BAHRANI: His character understands that we are in a game and the game is very rigged. The real heavy is the system, and the system here is mainly the banks and the government. There are others: Freeman, the attorney, who is based on a real guy, the foreclosure king of Florida. He was doing about 40,000 evictions a year—was guilty as hell for robo-signing and never went to jail. At the end of the film, the guy is a snake; he’s got to slither off. I think Shannon’s character understands that, and I think as an audience we feel that: what does it mean when 85 human beings have as much wealth as 3.5 billion people? Even since I made the movie, just a year and a half ago, if I wanted to retitle it to today, it would be called The 99.9 Homes because it’s changed even more. The movie came to Venice and to Toronto, and the press was saying that all three actors—Michael, Andrew, and Laura—were going to be nominated for Academy Awards. I love to hear that, and I hope that happens because they were so good in the film, and they were so dedicated. They went to Florida, they did the research; they asked so many questions. Andrew pushing for that thing he wants, Michael pushing back. Michael and Andrew have very different techniques of acting, and they needed different things from me. And because each was relentlessly going forward for what they want, which is correct for any human being, or actor, it created great spark on camera. There was an energy between them—an explosion between them. I thought I had a good framework in the script—I had great co-writers—but I feel with the actors they were able to take it one more place. Either they understood the characters one level deeper than we ever did as writers, because they started to live and breath in a different way—they were actually wearing a costume. Or they had a different specific take on it that matched their own vision, and there was an ability to step back and allow some of that to happen, which I think provided for the energetic scenes.
BROWN: When did you realize that Michael and Andrew had such different ways of preparing and would need different things from you? Is that something you knew right away, or figured out?
BAHRANI: I had a feeling about it. I knew Michael from before and I had known Andrew a little bit, we had met at a mutual friend’s wedding and he had come to one of my classes one time, unannounced, he just showed up in the back. Of course my students were so excited, “There’s Andrew Garfield sitting in the back!”
SHANNON: [laughs]
BAHRANI: In talking to them I had a feeling that they would need something different, but then at a table reading we did in New York, months before we shot the film, it was clear that they had a different way of working. I would tell [my co-writers] about my meetings with them, what they told me. The more I knew them, the more I would try to weave in a mix of who they were and how they saw it. Originally, Andrew’s character was my age, and then when he popped up as an idea for the lead, I rewrote it for someone age 30. Then Andrew came and said, “I think I should be 27.” And when I said, “Why?” He said, “Because at 30 I would be more fully formed, at 27 I would be more susceptible to a mentor or a father figure even if he’s corrupt.” I never thought of that. Those were the things that the actors were bringing into the film. There was one time early on when I was still trying to figure out who the characters were now that there was someone actually doing it. I said, “Michael, don’t you think it would be this way?” and I could tell that there was a pain in Michael’s face about what I was saying. We did a take and he was gracious, he did it like that. I could see him coming over to me to tell me, and I just said, “Michael, please ignore what I said. It was such a horrible idea. Dumb as hell. Just go back to what you were doing.” But he was gracious enough to show it to me.

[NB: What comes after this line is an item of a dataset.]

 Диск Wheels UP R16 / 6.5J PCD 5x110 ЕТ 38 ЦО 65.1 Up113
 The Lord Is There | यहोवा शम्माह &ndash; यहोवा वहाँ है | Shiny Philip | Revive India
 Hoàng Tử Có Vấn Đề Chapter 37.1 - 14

BROWN: Michael what would you have done if Ramin was like, “That was amazing!” And you still felt unsure?
SHANNON: I always want more takes. That’s the downside of working with me. I have a very hard time walking away from scenes. Now it’s gotten to the point where I think directors have figured that out and they’ll actually come up and say things like that, and I become paranoid. I think, “Do they really mean that or are they just trying to move on?” ‘Cause I’m like a pit bull, and the scene is your ankle. I’ll just bite it and I don’t want to let go. I know, when you’re done with the scene, you don’t get to do it again. That’s it!
BROWN: Do you always use the last take when you’re editing?

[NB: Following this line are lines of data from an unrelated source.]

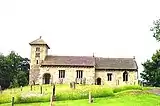 Healaugh, St John The Evangelist Church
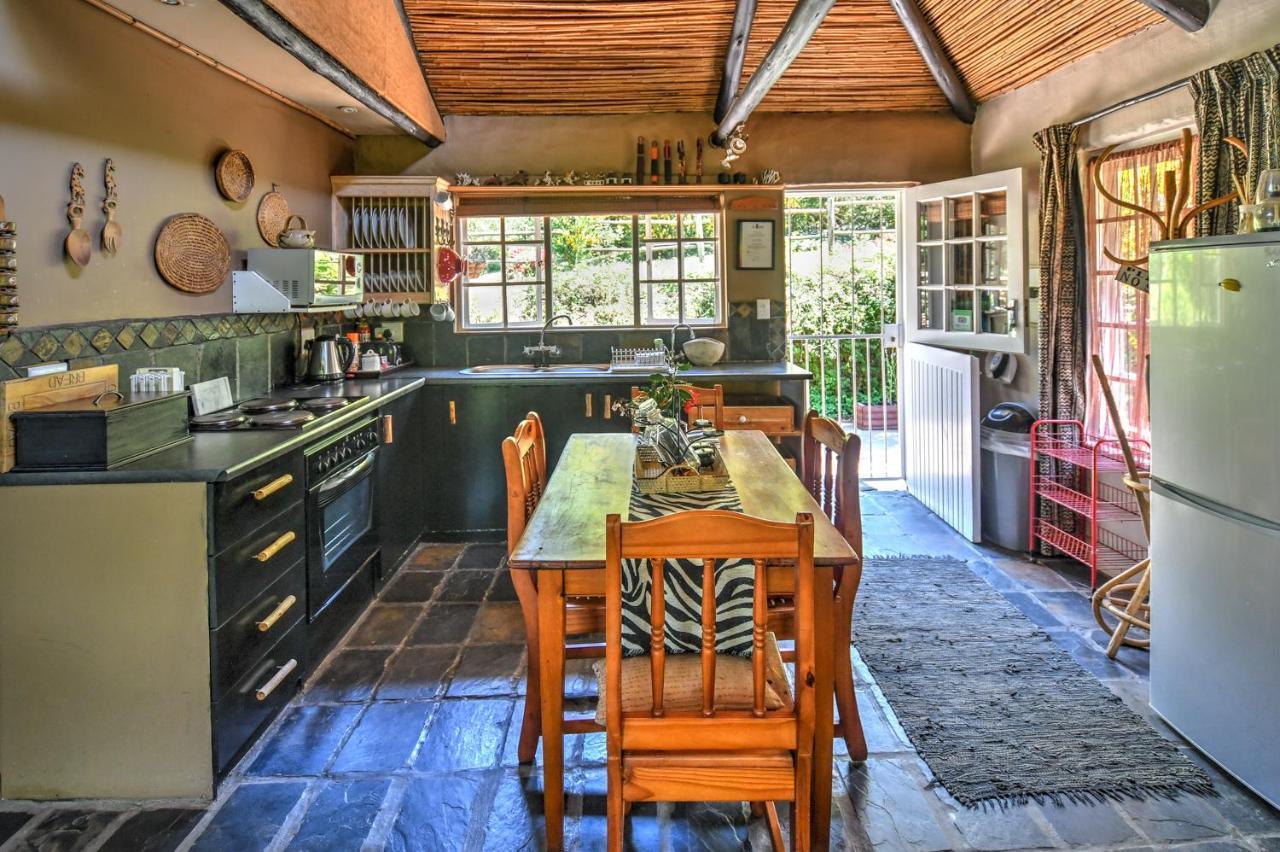 Villa Maple Grove Hogsback Exterior foto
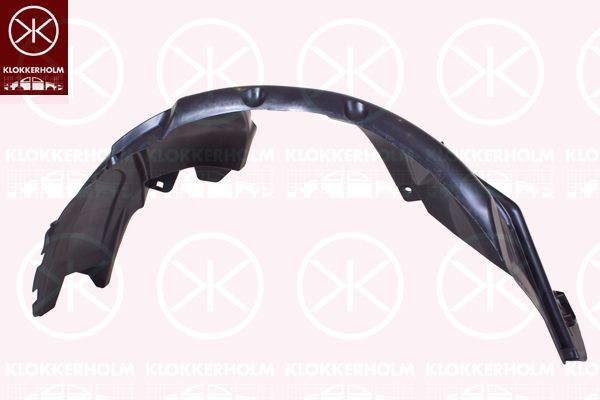 KLOKKERHOLM Left Front, Plastic Panelling, mudguard 1310387 buy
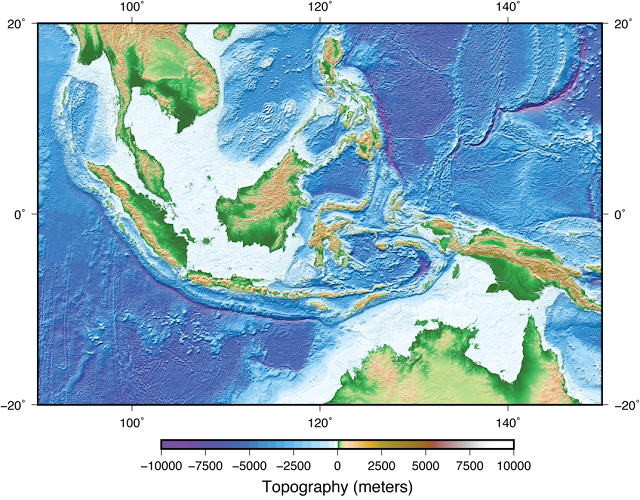 Mengenal Sesar Semangko dan Gempa Bumi Besar di Pulau Sumatra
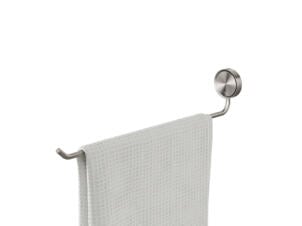 Tiger Ace porte-serviettes à une barre inox brossé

BAHRANI: Not always, but it’s usually the last couple of takes. Unless, specifically, we don’t know what’s going on in a scene and I want to see different types of things. Or an actor wants to give different things. If an actor asks, it means they don’t know. And if they don’t know, you better fucking get a couple variations because the editing room is going to be your master. The editing room is then when the movie gets rewritten for the third time. You have to be open to the film being rewritten in the edit room—that it changes there, that you take a different performance.

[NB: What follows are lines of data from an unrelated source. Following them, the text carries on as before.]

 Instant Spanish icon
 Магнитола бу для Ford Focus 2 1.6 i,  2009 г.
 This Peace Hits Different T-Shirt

BROWN: Obviously 99 Homes is about a wide social problem, but do you think the film could have been set in another state in the U.S.?
BAHRANI: It could have been in any state, but there were four particular ones: California, Arizona, Nevada, and Florida. California sounds like pornography, and the other two sound like gambling and prostitution, and the Wild West. Florida sounds like Disney World and retirees and golf. That sounded the cleanest to me. Orlando, specifically, because of Disney. The golf courses seemed like where I should put the corruption.
BROWN: But what about the gun violence?
BAHRANI: [laughs] Well, of course Florida opened its doors to me and said, “We have this too!” But I think the movie could be understood in any country. We showed the film in Greece. They’re in a mess. One of the guys at the screening said, “I’m getting kicked out of my house in three days.” Someone from Croatia who saw the film told me it reminded them of when they lost their home in wartime. I think anyone who wonders how to protect their family or themselves, or how to survive—which is everyone basically right now except for the .1 percent—knows these emotions.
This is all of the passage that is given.